Given records.
##############################

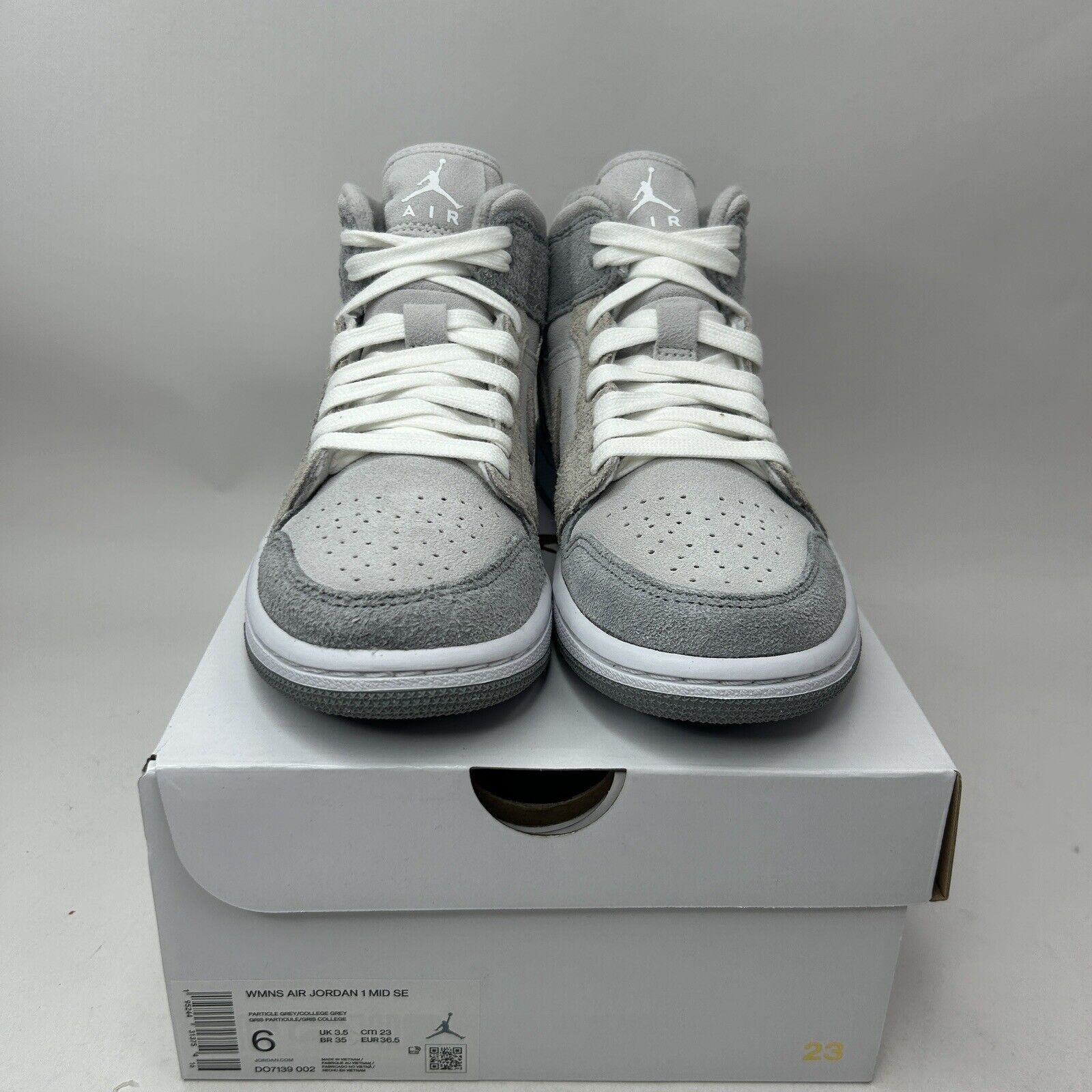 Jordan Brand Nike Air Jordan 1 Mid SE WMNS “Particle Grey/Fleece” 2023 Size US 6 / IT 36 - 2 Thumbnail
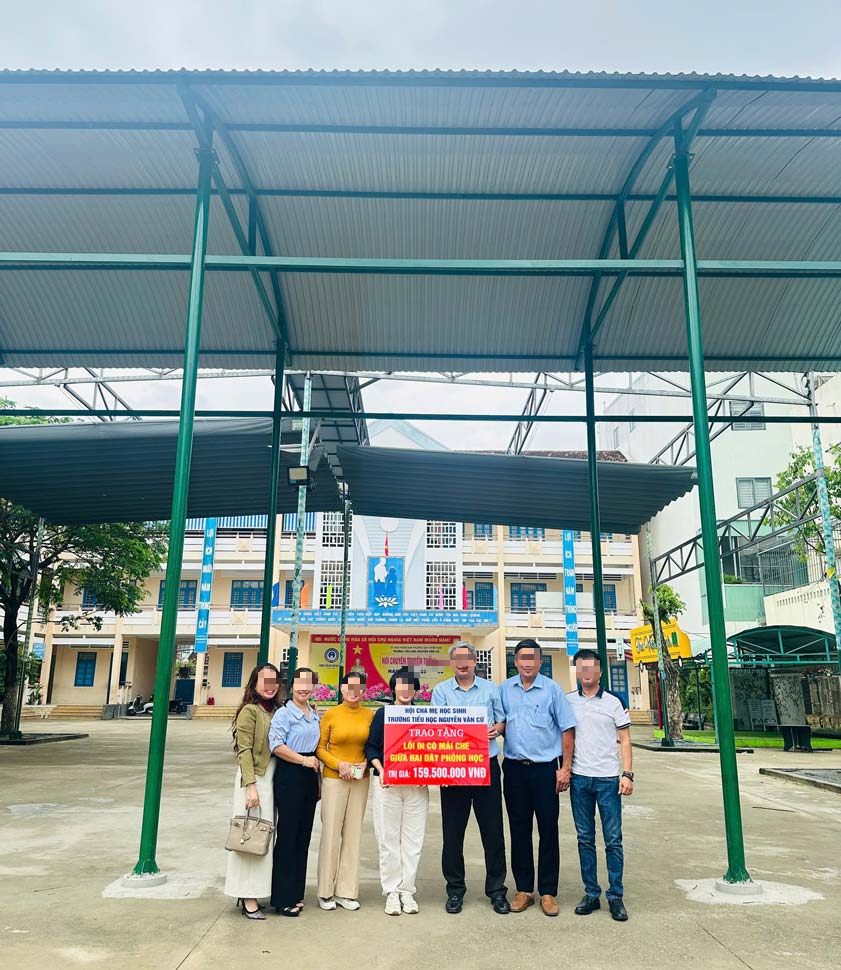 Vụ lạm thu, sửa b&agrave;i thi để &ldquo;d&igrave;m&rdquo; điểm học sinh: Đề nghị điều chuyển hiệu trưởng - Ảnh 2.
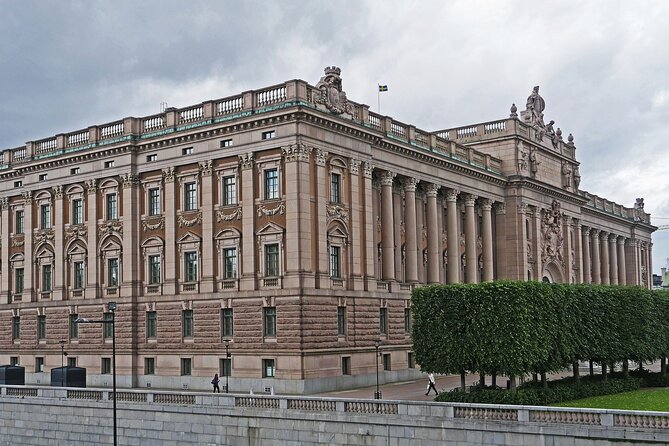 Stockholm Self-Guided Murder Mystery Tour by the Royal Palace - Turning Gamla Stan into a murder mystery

##############################

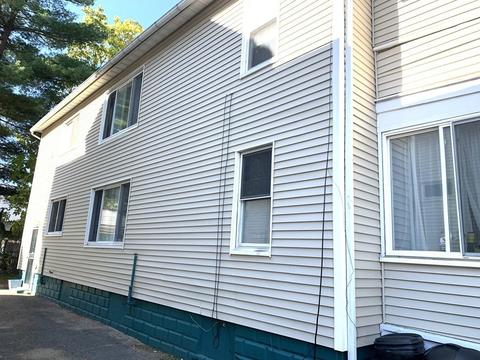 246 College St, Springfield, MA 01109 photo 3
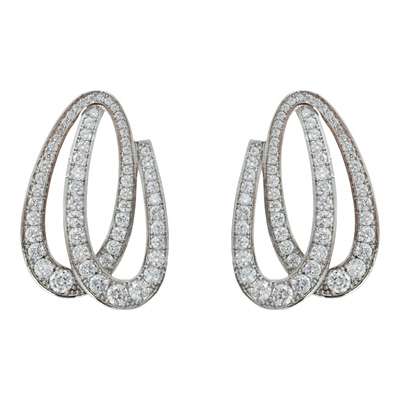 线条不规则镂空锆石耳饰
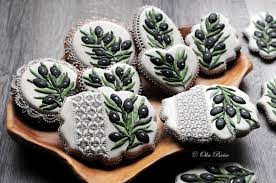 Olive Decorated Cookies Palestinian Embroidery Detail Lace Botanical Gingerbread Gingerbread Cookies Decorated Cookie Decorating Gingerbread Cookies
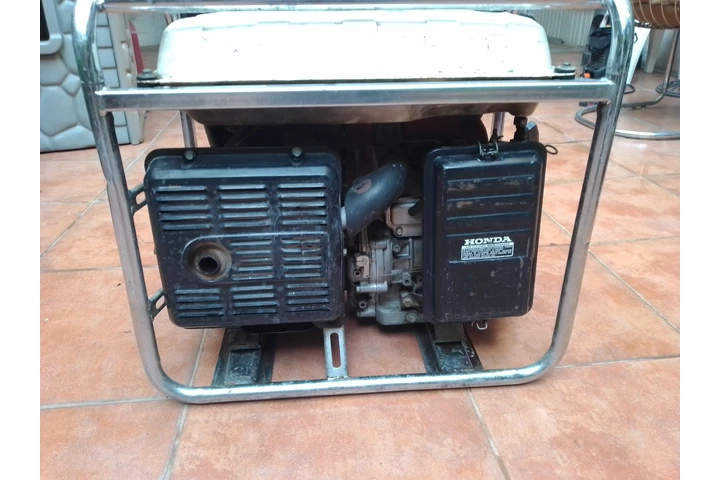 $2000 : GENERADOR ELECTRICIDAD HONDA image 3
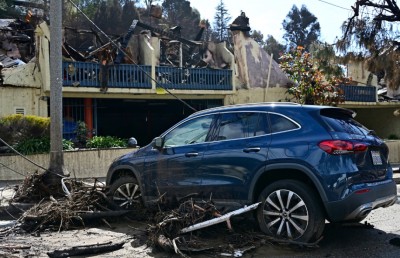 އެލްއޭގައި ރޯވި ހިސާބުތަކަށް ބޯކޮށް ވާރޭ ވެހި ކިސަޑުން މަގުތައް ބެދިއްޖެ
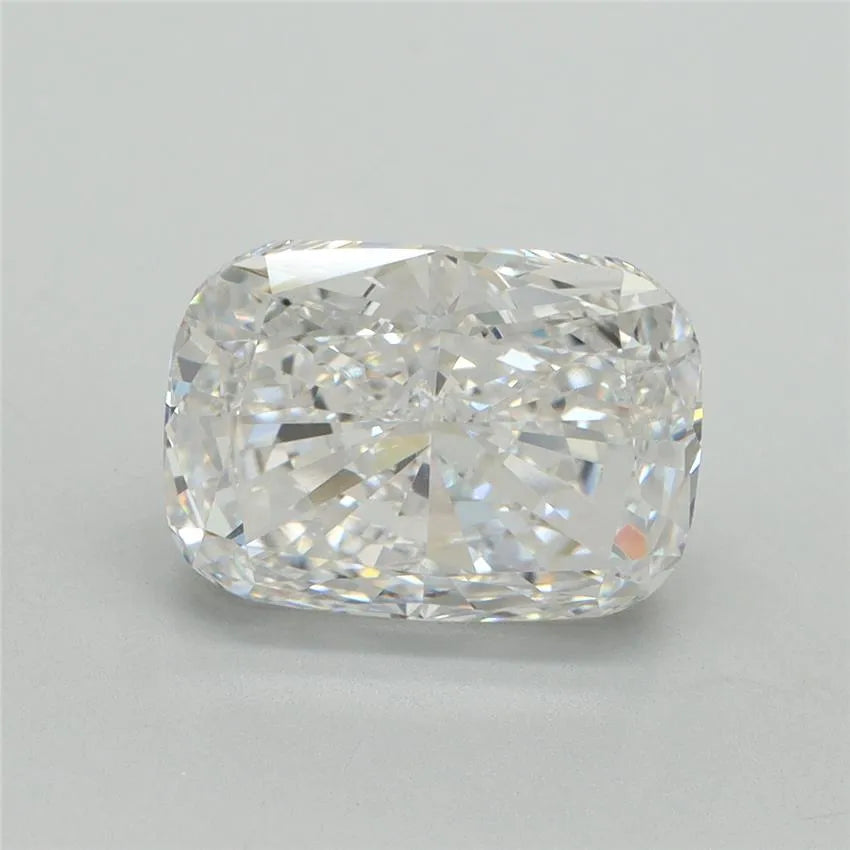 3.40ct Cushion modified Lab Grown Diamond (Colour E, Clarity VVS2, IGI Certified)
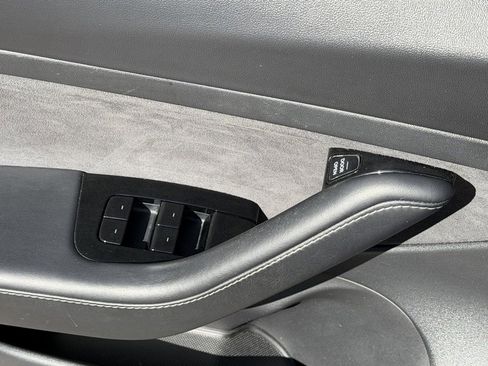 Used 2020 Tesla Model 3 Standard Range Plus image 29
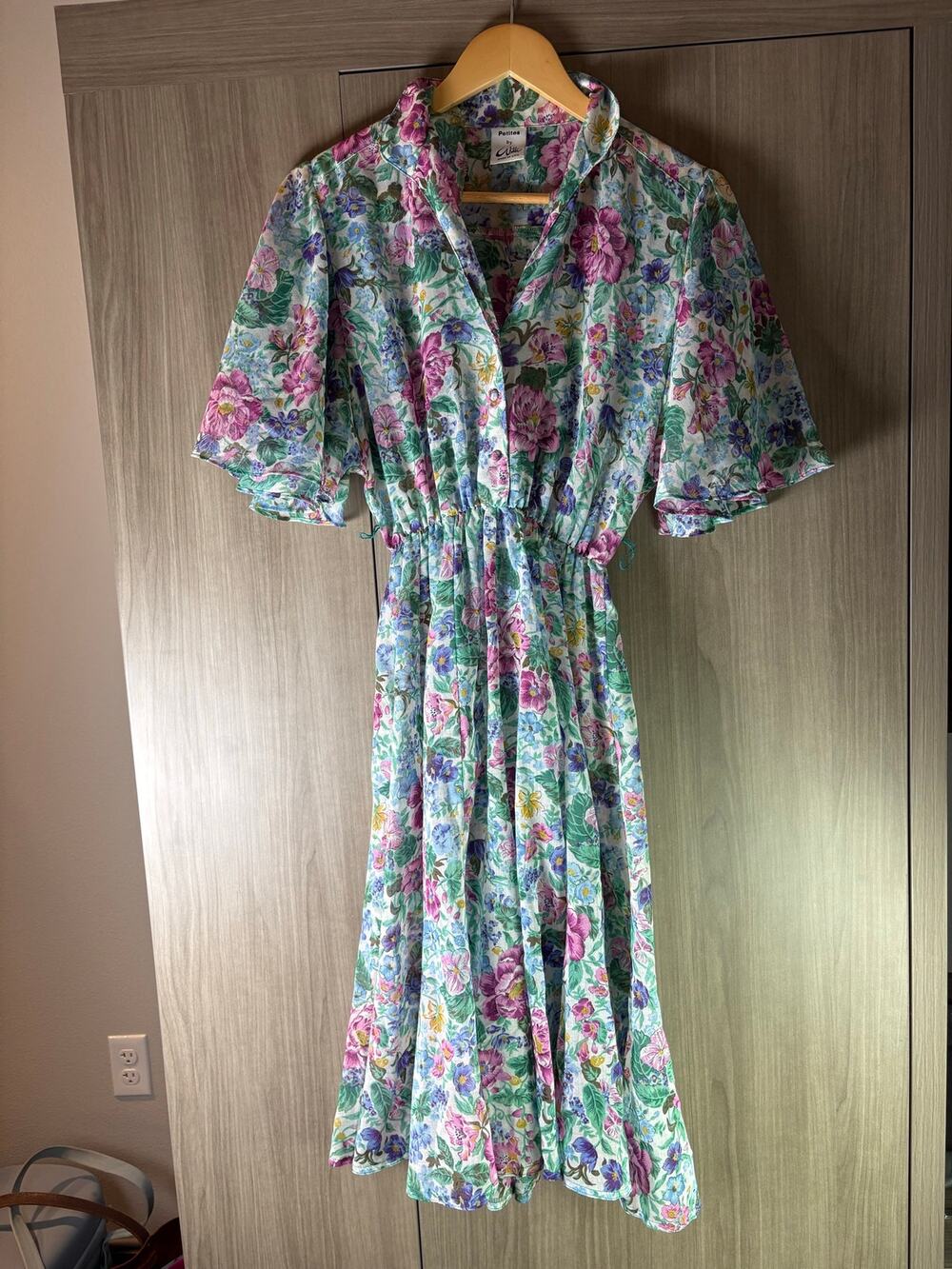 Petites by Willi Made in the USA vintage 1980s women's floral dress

##############################

Aim of the exercise.
Copy word for word the lines above, starting at the line containing "3.40ct Cushion modified" and ending at the line containing "Petites by Willi", inclusive, with no pictures.

Your solution.
 3.40ct Cushion modified Lab Grown Diamond (Colour E, Clarity VVS2, IGI Certified)
 Used 2020 Tesla Model 3 Standard Range Plus image 29
 Petites by Willi Made in the USA vintage 1980s women's floral dress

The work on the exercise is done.